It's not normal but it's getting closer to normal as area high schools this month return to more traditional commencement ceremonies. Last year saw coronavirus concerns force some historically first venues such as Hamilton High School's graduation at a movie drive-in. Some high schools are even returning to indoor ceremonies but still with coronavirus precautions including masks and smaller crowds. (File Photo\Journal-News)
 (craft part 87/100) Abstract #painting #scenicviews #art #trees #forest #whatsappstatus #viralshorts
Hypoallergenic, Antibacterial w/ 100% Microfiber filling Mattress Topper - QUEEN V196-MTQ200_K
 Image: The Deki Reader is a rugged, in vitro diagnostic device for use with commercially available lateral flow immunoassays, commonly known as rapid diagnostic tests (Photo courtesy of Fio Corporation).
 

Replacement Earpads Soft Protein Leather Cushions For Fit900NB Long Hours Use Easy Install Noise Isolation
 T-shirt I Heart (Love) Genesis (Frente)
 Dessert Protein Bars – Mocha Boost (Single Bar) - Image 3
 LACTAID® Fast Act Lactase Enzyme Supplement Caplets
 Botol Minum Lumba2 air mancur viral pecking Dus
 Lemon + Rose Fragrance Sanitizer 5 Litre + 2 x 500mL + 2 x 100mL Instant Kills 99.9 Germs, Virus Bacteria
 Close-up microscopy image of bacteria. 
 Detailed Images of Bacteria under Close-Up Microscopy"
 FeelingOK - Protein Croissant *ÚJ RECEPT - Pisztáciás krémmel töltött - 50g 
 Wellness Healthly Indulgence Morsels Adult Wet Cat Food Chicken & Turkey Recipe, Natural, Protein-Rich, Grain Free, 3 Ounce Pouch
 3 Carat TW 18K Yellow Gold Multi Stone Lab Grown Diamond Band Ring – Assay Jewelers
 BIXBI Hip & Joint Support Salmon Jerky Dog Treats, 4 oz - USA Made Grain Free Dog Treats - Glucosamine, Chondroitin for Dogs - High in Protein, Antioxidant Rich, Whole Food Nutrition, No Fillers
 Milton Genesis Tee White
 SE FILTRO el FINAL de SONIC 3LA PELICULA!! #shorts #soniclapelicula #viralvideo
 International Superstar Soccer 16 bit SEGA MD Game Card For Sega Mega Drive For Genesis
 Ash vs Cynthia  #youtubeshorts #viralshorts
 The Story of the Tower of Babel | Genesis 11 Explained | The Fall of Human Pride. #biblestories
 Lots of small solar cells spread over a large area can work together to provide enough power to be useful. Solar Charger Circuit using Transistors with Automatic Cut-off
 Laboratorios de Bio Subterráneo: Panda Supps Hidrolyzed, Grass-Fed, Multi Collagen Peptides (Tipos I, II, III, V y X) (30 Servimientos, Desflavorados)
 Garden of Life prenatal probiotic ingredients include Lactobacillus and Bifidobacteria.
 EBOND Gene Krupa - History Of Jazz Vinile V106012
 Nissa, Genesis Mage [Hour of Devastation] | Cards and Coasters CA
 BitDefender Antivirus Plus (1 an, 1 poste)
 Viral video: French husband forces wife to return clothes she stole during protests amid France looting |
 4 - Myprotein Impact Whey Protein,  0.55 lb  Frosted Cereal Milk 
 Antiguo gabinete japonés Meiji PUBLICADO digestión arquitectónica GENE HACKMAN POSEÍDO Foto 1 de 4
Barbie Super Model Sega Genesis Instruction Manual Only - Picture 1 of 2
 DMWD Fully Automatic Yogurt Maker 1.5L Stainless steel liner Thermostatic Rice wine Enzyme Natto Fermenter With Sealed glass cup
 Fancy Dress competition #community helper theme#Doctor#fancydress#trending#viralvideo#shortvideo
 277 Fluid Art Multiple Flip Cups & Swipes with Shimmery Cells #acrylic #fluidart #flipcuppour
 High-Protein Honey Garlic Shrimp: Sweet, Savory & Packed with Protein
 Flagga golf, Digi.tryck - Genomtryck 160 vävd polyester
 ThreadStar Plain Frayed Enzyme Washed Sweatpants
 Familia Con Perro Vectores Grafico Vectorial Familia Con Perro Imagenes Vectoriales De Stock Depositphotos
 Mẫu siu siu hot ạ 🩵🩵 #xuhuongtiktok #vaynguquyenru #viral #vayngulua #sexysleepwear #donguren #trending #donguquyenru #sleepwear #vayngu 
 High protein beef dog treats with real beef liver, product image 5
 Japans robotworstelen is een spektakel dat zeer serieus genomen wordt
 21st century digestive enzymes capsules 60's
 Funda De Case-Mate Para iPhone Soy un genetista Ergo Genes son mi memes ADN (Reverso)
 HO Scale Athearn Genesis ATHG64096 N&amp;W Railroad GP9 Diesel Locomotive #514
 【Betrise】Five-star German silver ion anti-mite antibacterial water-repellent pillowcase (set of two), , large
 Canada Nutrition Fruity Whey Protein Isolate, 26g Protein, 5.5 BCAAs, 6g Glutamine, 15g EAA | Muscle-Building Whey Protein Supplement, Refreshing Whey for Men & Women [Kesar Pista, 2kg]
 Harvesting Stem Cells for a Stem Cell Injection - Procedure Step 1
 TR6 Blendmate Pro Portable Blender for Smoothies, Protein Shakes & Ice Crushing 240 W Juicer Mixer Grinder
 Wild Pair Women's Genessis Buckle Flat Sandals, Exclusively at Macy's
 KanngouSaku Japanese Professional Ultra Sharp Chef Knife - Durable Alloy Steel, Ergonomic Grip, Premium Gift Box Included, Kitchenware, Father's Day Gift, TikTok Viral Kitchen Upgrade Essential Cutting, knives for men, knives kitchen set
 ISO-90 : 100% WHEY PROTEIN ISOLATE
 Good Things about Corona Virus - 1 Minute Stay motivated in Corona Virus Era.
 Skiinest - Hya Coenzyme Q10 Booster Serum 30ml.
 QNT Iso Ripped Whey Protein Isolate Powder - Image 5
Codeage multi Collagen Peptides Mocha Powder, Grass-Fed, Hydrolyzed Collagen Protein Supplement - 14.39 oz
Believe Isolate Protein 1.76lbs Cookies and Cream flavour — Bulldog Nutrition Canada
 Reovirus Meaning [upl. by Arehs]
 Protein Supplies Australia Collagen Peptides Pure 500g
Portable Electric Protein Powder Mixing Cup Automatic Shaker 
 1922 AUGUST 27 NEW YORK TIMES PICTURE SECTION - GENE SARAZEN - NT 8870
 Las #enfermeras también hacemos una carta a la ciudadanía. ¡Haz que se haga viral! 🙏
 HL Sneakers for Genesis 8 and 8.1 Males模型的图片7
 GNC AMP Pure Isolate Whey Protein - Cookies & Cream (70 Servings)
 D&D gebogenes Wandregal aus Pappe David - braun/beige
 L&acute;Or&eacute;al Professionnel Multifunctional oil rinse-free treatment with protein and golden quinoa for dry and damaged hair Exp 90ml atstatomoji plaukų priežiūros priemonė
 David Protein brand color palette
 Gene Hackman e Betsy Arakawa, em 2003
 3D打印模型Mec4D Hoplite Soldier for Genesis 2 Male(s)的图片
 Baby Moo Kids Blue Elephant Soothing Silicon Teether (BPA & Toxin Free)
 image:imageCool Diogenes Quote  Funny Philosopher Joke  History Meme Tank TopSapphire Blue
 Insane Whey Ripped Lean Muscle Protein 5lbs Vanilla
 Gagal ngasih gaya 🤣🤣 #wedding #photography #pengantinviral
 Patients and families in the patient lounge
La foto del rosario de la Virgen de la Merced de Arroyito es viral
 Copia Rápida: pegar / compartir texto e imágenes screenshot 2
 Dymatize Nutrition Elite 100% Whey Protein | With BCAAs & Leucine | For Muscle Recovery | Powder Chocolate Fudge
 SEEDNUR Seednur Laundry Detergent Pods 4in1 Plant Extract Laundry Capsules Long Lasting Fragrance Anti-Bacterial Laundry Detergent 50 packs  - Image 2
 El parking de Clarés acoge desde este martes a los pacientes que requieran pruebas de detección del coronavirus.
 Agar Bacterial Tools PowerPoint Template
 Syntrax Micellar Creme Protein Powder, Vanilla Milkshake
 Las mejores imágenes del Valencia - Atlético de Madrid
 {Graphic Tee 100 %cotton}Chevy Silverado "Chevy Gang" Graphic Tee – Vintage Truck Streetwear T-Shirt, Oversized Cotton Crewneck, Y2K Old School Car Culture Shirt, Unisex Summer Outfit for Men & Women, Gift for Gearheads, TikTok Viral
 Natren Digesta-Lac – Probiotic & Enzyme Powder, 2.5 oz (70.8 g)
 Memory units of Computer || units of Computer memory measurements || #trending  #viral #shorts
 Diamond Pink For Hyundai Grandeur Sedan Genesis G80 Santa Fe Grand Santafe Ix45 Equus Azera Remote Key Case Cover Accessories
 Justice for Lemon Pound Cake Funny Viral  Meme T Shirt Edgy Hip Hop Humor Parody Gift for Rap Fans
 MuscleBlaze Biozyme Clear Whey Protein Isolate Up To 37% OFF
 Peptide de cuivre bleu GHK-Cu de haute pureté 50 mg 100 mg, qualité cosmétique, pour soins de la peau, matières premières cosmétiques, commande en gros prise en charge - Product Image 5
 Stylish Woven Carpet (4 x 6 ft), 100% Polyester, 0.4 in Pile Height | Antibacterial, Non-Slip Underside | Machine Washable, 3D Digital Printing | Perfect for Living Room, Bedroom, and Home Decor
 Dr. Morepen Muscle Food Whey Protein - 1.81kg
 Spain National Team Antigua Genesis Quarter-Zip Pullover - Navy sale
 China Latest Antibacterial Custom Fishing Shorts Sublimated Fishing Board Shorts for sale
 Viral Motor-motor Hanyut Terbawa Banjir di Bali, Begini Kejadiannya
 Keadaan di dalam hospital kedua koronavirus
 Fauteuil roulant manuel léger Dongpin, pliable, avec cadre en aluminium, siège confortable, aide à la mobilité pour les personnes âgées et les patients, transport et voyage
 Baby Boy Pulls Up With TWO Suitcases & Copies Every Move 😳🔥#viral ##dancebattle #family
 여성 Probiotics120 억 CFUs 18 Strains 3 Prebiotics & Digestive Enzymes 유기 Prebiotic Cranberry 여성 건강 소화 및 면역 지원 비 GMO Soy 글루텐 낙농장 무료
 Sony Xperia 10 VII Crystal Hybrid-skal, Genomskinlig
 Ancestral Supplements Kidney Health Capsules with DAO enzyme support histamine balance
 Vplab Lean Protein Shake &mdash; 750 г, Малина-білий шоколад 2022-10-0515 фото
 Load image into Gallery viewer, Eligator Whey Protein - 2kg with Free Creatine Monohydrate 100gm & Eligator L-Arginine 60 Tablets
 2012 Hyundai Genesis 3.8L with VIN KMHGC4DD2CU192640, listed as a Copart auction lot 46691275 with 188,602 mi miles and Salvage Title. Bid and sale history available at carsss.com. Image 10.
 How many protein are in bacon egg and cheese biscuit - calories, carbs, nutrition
##########
__Aim of the task__
Within the data above, find the lines that contain the word "Grain" and copy each of them.

__Solved problem__
 Wellness Healthly Indulgence Morsels Adult Wet Cat Food Chicken & Turkey Recipe, Natural, Protein-Rich, Grain Free, 3 Ounce Pouch
 BIXBI Hip & Joint Support Salmon Jerky Dog Treats, 4 oz - USA Made Grain Free Dog Treats - Glucosamine, Chondroitin for Dogs - High in Protein, Antioxidant Rich, Whole Food Nutrition, No Fillers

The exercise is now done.